Relational connection was introduced earlier, and the most important parameters are `on` and `how`. However, sometimes users do not care which column is used as the key to merge, but just want to splice two or more tables vertically or horizontally. For this demand, `pandas` provides the `concat` function to achieve it.

In `concat`, the three most commonly used parameters are `axis, join, keys`, which respectively indicate the splicing direction, the connection form, and the name of the old table from which the new table comes. It should be noted here that `join` and `keys` have nothing to do with the concept of `join` function and key mentioned earlier.

In the default state, `axis=0` means splicing multiple tables vertically, which is often used for splicing multiple samples; while `axis=1` means splicing multiple tables horizontally, which is often used for splicing multiple fields or features.
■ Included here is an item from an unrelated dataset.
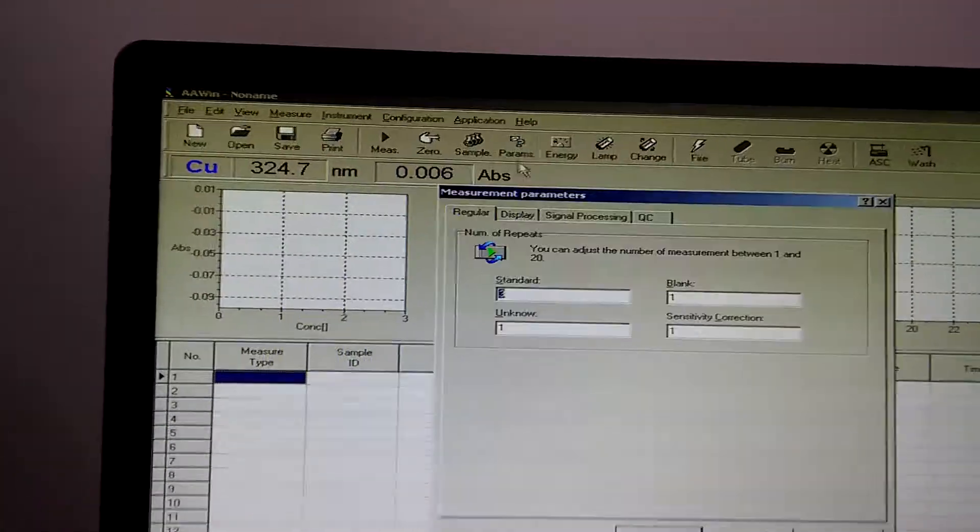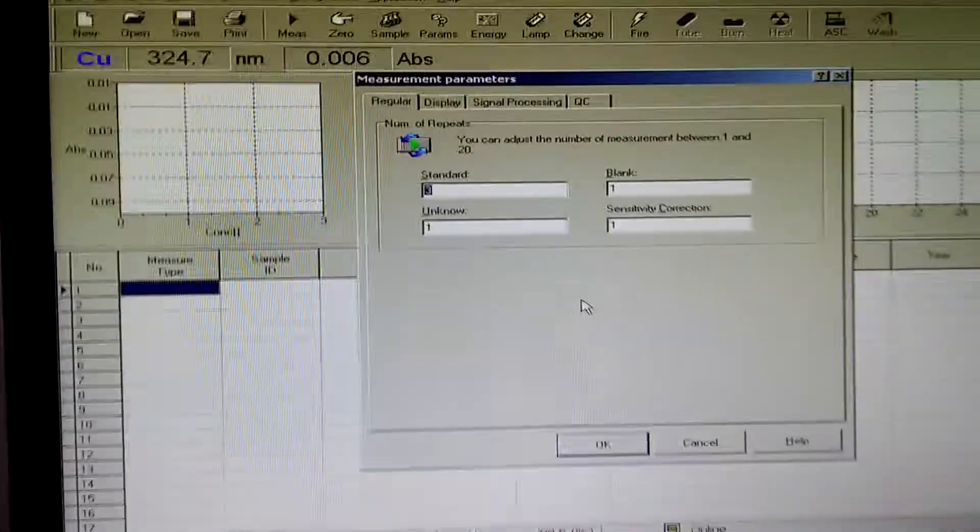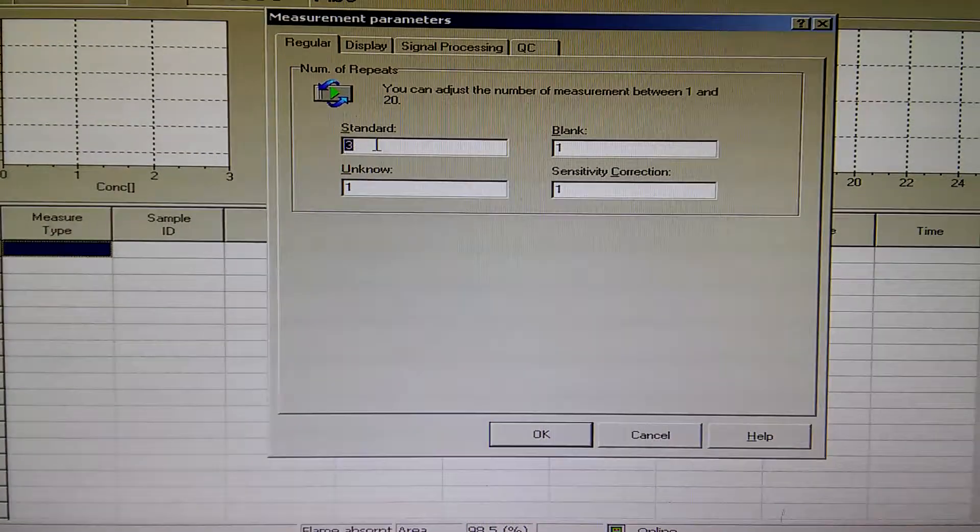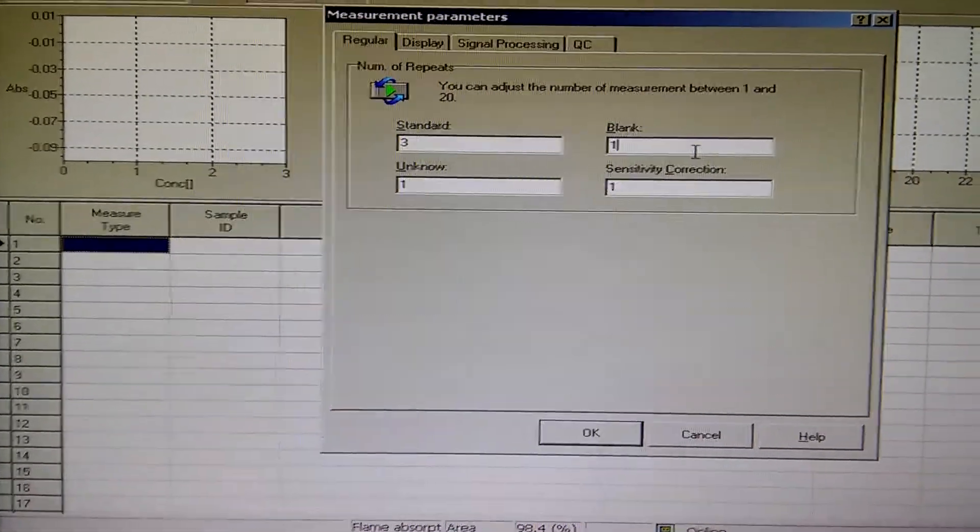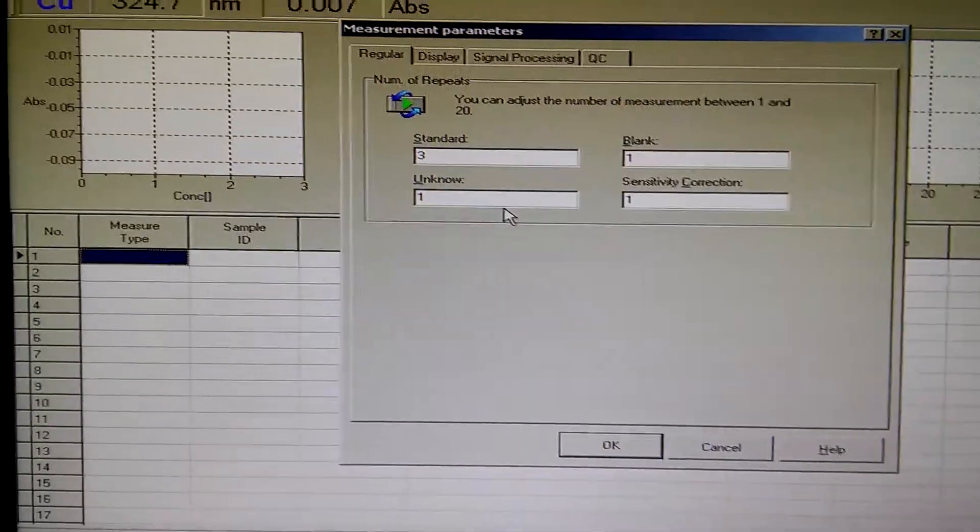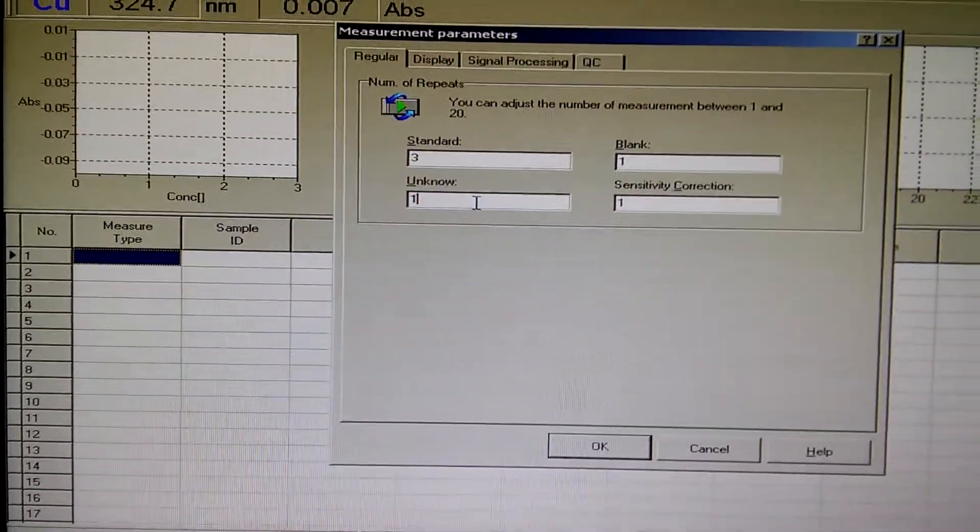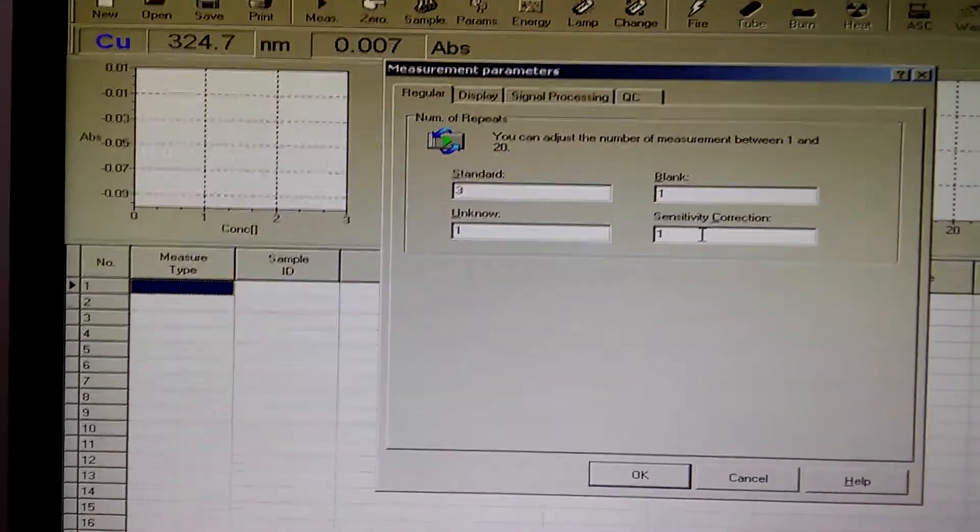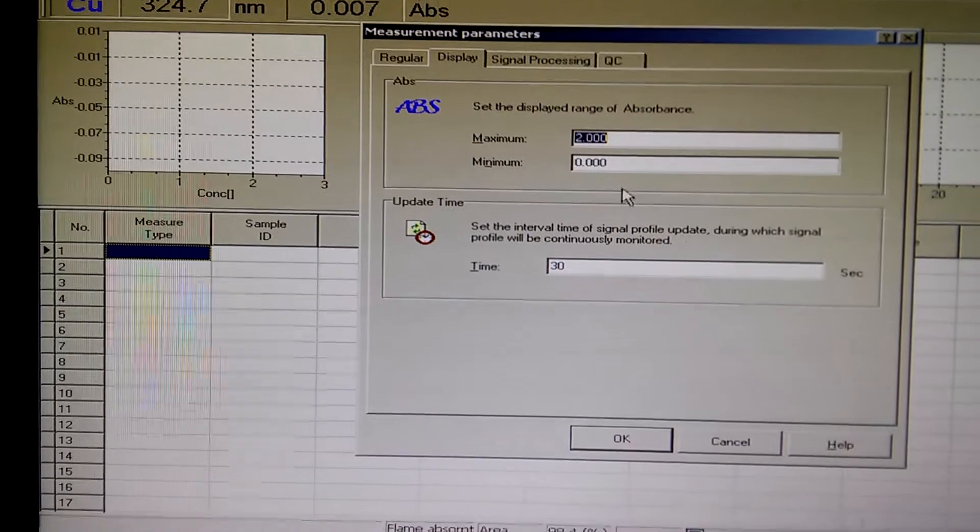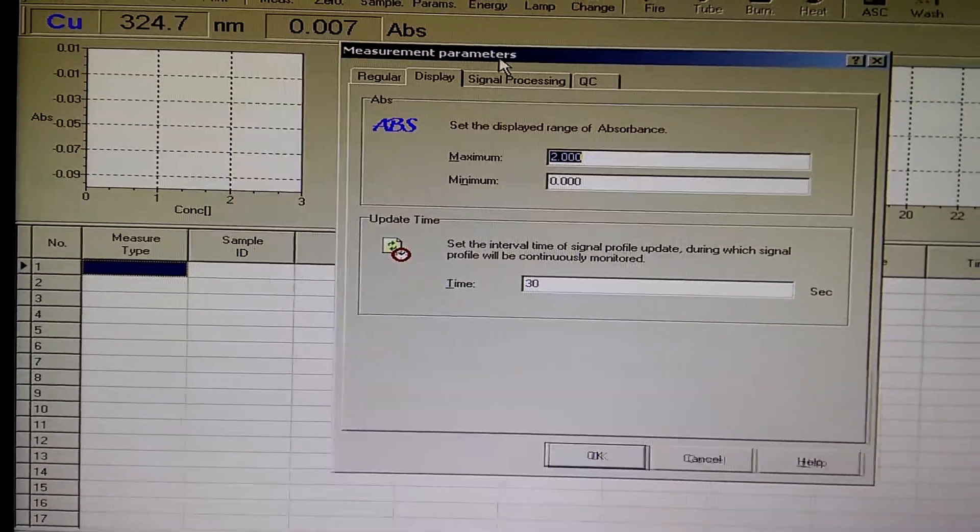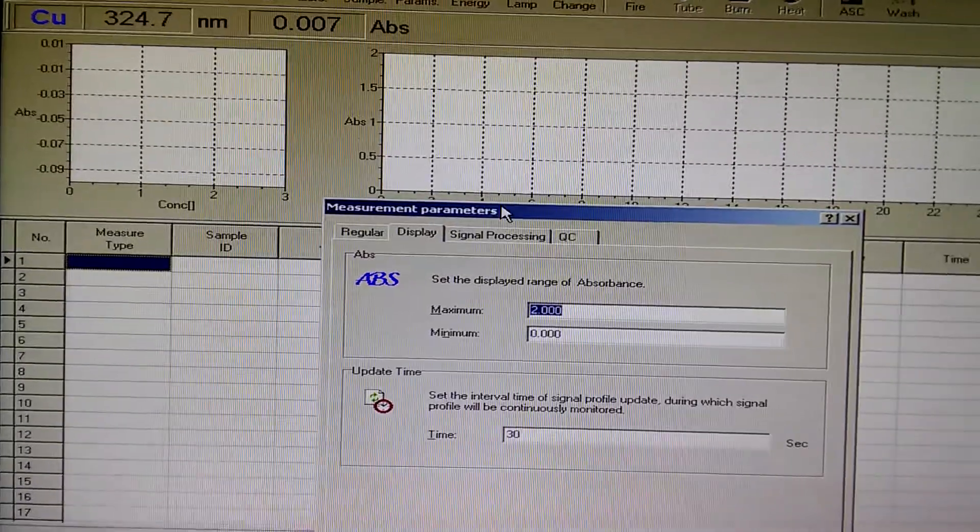Let's check the parameters. How many standards we are going to use? Three standards to draw the calibration curve with one blank, which is made of deionized water, and one unknown which has to be around 2 ppm in concentration. Sensitivity correction is one. Display between zero to two maximum.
For example, vertically merge the information of people in each table:

In [14]:
df1 = pd.DataFrame({'Name':['San Zhang','Si Li'], 'Age':[20,30]})
df2 = pd.DataFrame({'Name':['Wu Wang'], 'Age':[40]})
pd.concat([df1, df2])

Unnamed: 0,Name,Age
0,San Zhang,20
1,Si Li,30
0,Wu Wang,40


Merge fields from each table horizontally:

In [15]:
df2 = pd.DataFrame({'Grade':[80, 90]})
df3 = pd.DataFrame({'Gender':['M', 'F']})
pd.concat([df1, df2, df3], 1)

Unnamed: 0,Name,Age,Grade,Gender
0,San Zhang,20,80,M
1,Si Li,30,90,F


Although `concat` is a function that handles relational merging, it still connects based on indexes. Vertical concatenation will align columns based on column indices. By default, `join=outer` means that all columns are retained and non-existent values ​​are set to missing; `join=inner` means that columns that appear in both tables are retained. Horizontal concatenation will align columns based on row indices, and the `join` parameter can be set similarly.

In [16]:
df2 = pd.DataFrame({'Name':['Wu Wang'], 'Gender':['M']})
pd.concat([df1, df2])

Unnamed: 0,Name,Age,Gender
0,San Zhang,20.0,
1,Si Li,30.0,
0,Wu Wang,,M


In [17]:
df2 = pd.DataFrame({'Grade':[80, 90]}, index=[1, 2])
pd.concat([df1, df2], 1)

Unnamed: 0,Name,Age,Grade
0,San Zhang,20.0,
1,Si Li,30.0,80.0
2,,,90.0


In [18]:
pd.concat([df1, df2], axis=1, join='inner')

Unnamed: 0,Name,Age,Grade
1,Si Li,30,80


Therefore, when you confirm that you want to use a direct directional merge of multiple tables, especially a horizontal merge, you can first use the `reset_index` method to restore the default integer index before merging to prevent erroneous results caused by misaligned indexes and Cartesian products of duplicate indexes.

Finally, the use scenario of the `keys` parameter is that after multiple tables are merged, the user still wants to know which original table the data in the new table comes from. In this case, you can use the `keys` parameter to generate a multi-level index for marking. For example, the first table contains students from Class 1, and the second table contains students from Class 2. You can merge them in the following way:

In [19]:
df1 = pd.DataFrame({'Name':['San Zhang','Si Li'], 'Age':[20,21]})
df2 = pd.DataFrame({'Name':['Wu Wang'],'Age':[21]})
pd.concat([df1, df2], keys=['one', 'two'])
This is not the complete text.